“Everyone is a human being. Whether you come from a big community or a small community, we are all the same. And if we unite, we have no idea what we can accomplish.”
In 2007, the violently disputed general election in Kenya divided people along tribal lines, and for the first time, many urban Kenyans had to identify their tribe. Almost 10 years later, many fear Kenya could be becoming more tribally polarized than ever before. Working with two primary schools in Nairobi and Mombasa, directors Wanuri Kahiu and Nick Reding intimately explore issues surrounding national identity. Using games and interviews the filmmakers ask 8-11 year olds what they understand about discrimination, tribe and religion, and how, when they are discriminated themselves, do they feel about their own identity.

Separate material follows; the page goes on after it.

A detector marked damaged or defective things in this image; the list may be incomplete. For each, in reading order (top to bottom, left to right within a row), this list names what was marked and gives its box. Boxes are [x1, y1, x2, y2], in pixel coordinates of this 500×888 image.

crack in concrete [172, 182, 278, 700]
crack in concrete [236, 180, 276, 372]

Inspired by Jane Elliot’s “Blue Eyes, Brown Eyes” experiment, the film delicately picks at the religious and tribal tensions that exist in Kenya, by creating an exercise in which the class is arbitrarily divided into groups. The children narrate the experiences and talk about the lessons they learn as they themselves experience the anger, frustration and powerlessness of prejudice.
Through the eyes and guided by the wisdom of children, “Who am I?” gives an enlightened voice to the tribal and religious fissures that are growing in Kenyan society, providing a voice of wisdom and compassion, all with the inherent child’s understanding of fairness.